The applicant owned Stand number 1898 Mabelreign Township, Harare, which he leased to Crossland Mupfurutsa from June 2013 to August 2017. During the tenancy, the tenant entered into a contract with the second respondent (Zimbabwe Electricity Transmission and Distribution Company) for electricity supply. The tenant accrued electricity arrears that remained unpaid when he vacated the property. In September 2017, a prepaid meter was installed at the property. The applicant discovered that the tenant's unpaid bill had been transferred to his name. The second respondent informed him this was done pursuant to section 3 of Statutory Instrument 44A of 2013, which provided that outstanding electricity charges became "debts of the property" and were reflected in the prepaid meter. Each time the applicant paid for electricity, the second respondent deducted a percentage towards the tenant's arrears. On 3 September 2018, the applicant filed an application seeking a declaratory order that section 3 of SI 44A of 2013 was ultra vires the Electricity Act and null and void. During the proceedings, it emerged that SI 44A of 2013 had been repealed on 1 June 2018 by section 12 of Statutory Instrument 85 of 2018, before the application was filed.
The application was dismissed with costs on the ordinary scale to be paid by the applicant.
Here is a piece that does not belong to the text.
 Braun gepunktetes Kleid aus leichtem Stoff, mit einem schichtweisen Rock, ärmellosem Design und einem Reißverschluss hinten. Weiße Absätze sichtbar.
Once legislation is repealed, it ceases to have legal validity and becomes a nullity. A court cannot exercise its discretion to grant a declaratory order declaring repealed legislation ultra vires an enabling statute, as there is nothing of legal force to declare invalid - the legislature has already removed such legislation from the country's laws by repealing it. While section 17(1)(c) of the Interpretation Act preserves rights, privileges, obligations and liabilities that accrued or were incurred under repealed legislation, it does not authorize the continued validity of the repealed enactment itself. New proceedings cannot be founded on repealed legislation unless based on rights or obligations that accrued during the legislation's lifetime. An application for a declaratory order under section 14 of the High Court Act is not proper where it seeks to challenge the validity of legislation that has already been repealed before the application was filed.
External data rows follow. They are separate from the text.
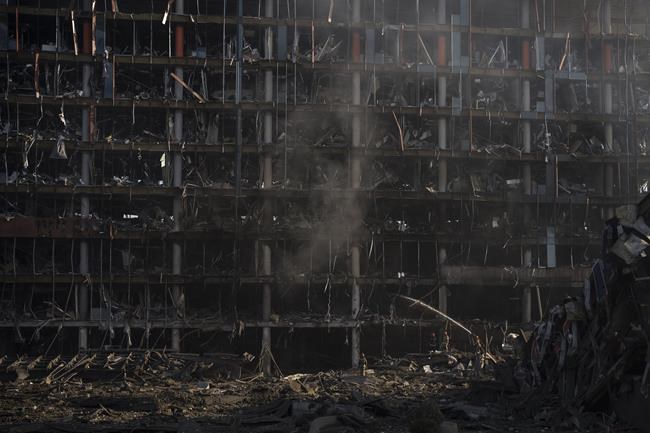 Firefighters extinguish a fire at a shopping center following a bombing in Kyiv, Ukraine, Monday, March 21, 2022. (AP Photo/Felipe Dana)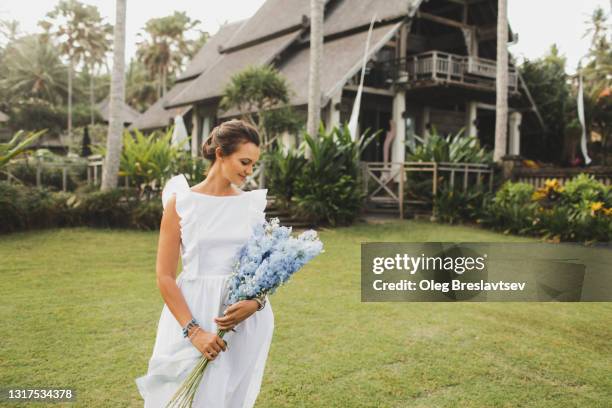 portrait of smiling woman in white linen dress with blue flower bouquet of delphinium - ranunculus wedding bouquet stock pictures, royalty-free photos & images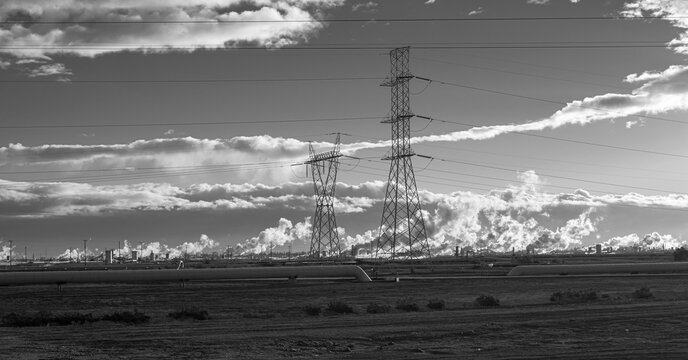 Black and white landscape photography, transmission lines and geothermal field, cloudy sunrise. Concept of Electricity industry geothermal electric power plants in Mexico.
The court observed that had the applicant filed his application before the repeal of SI 44A of 2013, his arguments challenging the provision as ultra vires the Electricity Act and as violating privity of contract would not necessarily have been frivolous or unmeritorious. The court applied the adage that "the law helps the vigilant and not the sluggard," noting that the applicant had ample opportunity to challenge SI 44A between September 2017 (when deductions began) and June 2018 (when it was repealed) but failed to do so. The court also noted that even on the hearing date, when the futility of seeking a declaratory order against a repealed provision was apparent, the applicant ought to have withdrawn the application but chose to persist with it. The court observed that both parties appeared to have been initially unaware that the SI had been repealed, with the second respondent only learning of this fact when the applicant mentioned it in his answering affidavit.
This case establishes important principles regarding the temporal effect of repealed legislation in Zimbabwean law and the limits of declaratory relief. It confirms that courts cannot be asked to declare repealed legislation ultra vires, as such legislation is already a nullity. The judgment clarifies the application of section 17 of the Interpretation Act, distinguishing between the continued effect of rights and obligations that accrued under repealed legislation (which are preserved) and the continued validity of the repealed enactment itself (which is not preserved). The case also illustrates the importance of vigilance in challenging allegedly unconstitutional or ultra vires legislation before it is repealed, and the need for litigants to reassess their causes of action when the legal landscape changes during the course of litigation. It demonstrates the proper exercise of judicial discretion under section 14 of the High Court Act in refusing declaratory orders where the case is not proper for such relief.